4. Burn the midnight oil. True confession: I am generally one of those people who likes to take my sweet time in the morning. I don't dislike mornings, but I hate rushing in the morning. However, this week I've learned that if we are to have any hope of getting out the door before nine o'clock, and I'm the only parent in the house, I need to do everything the night before: make lunches, iron clothes...even wash my hair. (The whole washing-and-drying hair fiasco just takes too darn long before the natives get restless. Hence, I've embraced the professional ponytail this week.) This whole routine means that I've fallen into bed, exhausted and with wet hair every night this week, but the mornings are SO much easier as a result.

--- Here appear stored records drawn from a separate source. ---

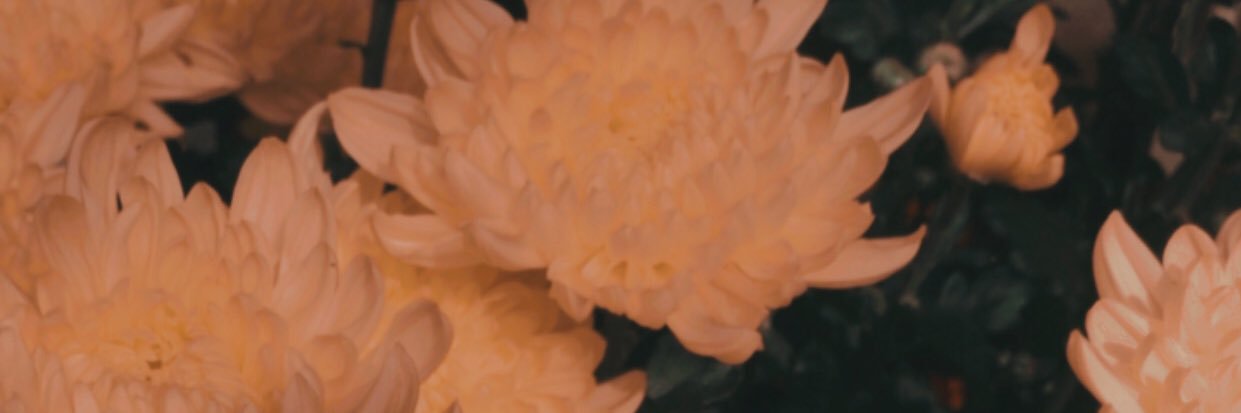 menrayy's profile banner image
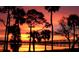 Gorgeous sunset over a lake framed by silhouetted trees and palm trees, reflecting orange and yellow hues at 11 Briggs Dr, Ormond Beach, FL 32176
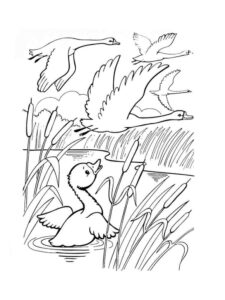 Ugly duckling – a swan – watches ducks soar coloring page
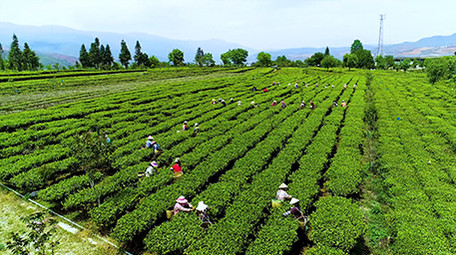 航拍众人采茶震撼场面超清视频素材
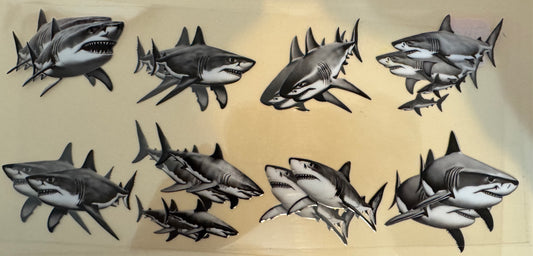 A16 (Animals)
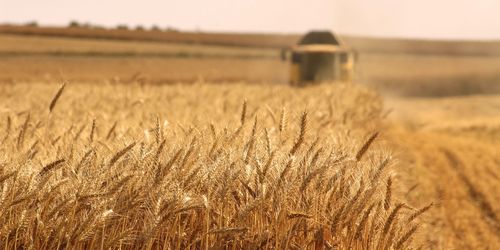 小麦籽粒散装/优质小麦,全营养谷物出口 - buy 有机小麦,全麦 product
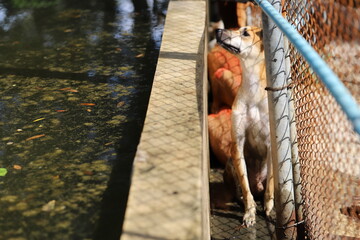 Dog shelter in Thailand, Dog Rescue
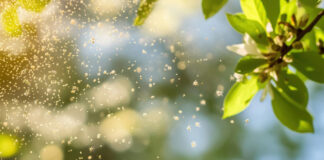 Allergie App Spanien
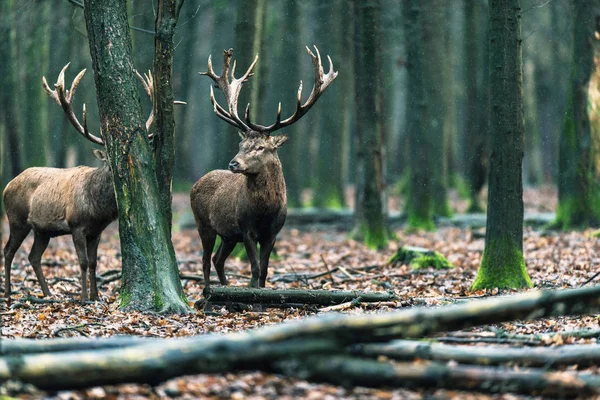 Ciervos en el bosque caducifolio — Foto de Stock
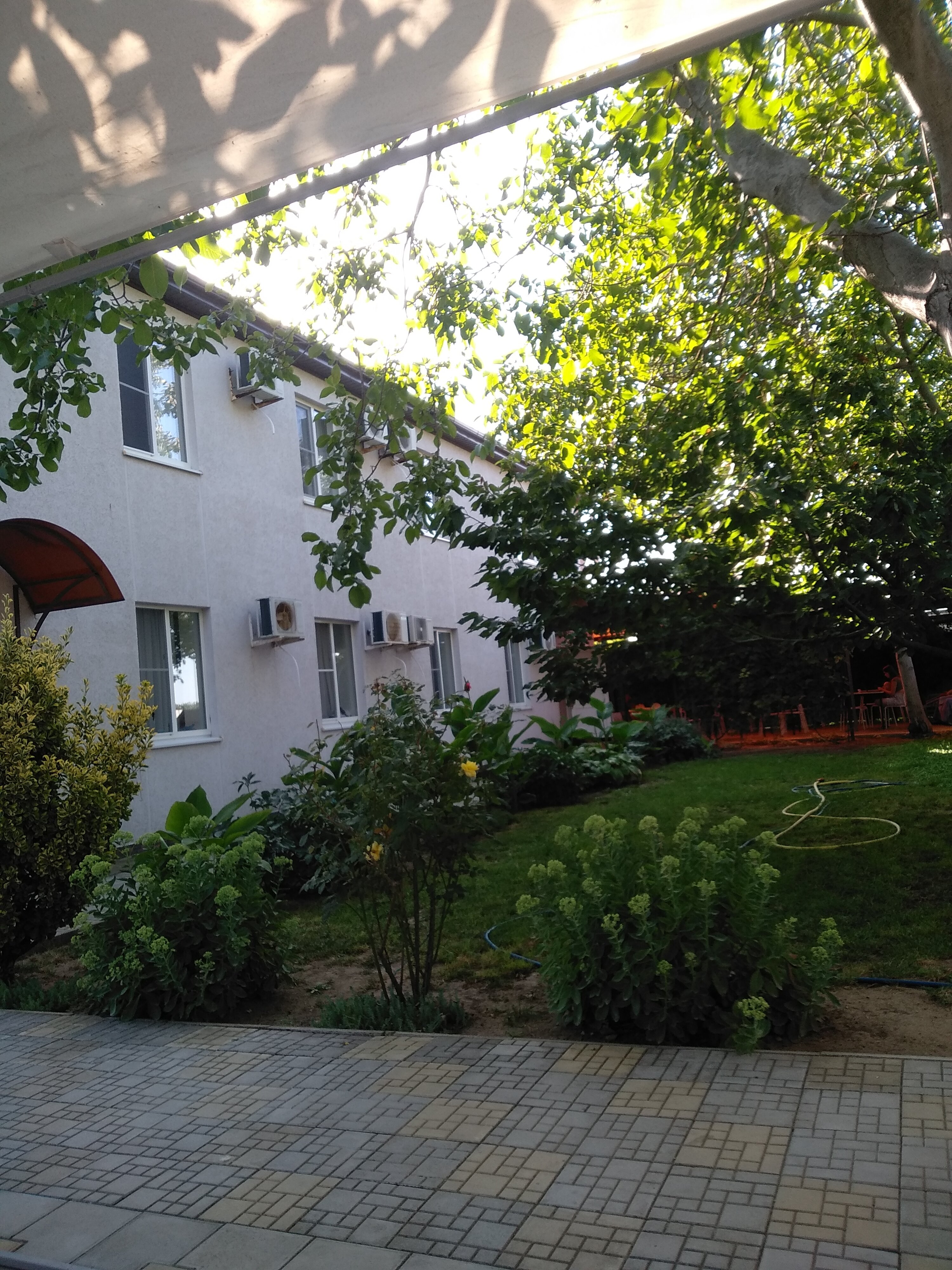 Фото Ореховый рай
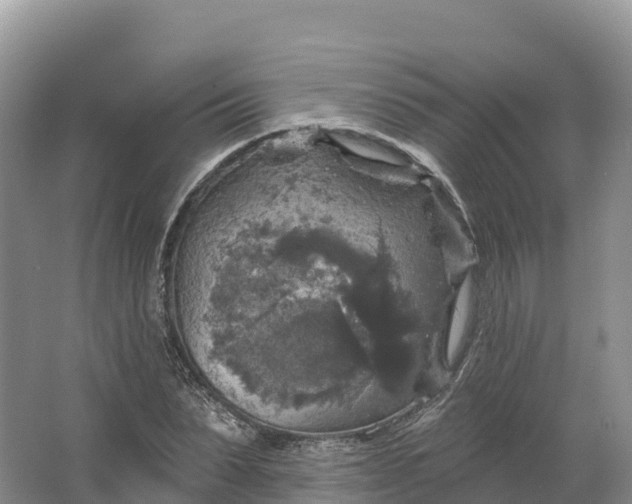 X0000064740879200602241753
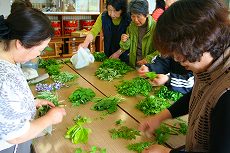 採集した野草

5. Stay in touch. We've made a point to talk on the phone as a family every morning and every evening: C loves it, and has started to hug the phone when she knows that Daddy is calling. (The phone-hugging makes it a little hard to answer said phone, but it's very cute nonetheless.) And of course, my husband and I have made a point to check in with each other, too, with phone calls, emails and text messages. Those little check-ins have made this week fly by, actually: we got an invitation to a party, C used the potty at school (!), and he still needs to pick up his glasses from the eye doctor's.

My husband gets home late tonight, and while I can't wait to see him, I have to say that I'm pretty darn proud of myself for managing so well this week. Parenting milestones are very exciting things...especially when you're on the other side.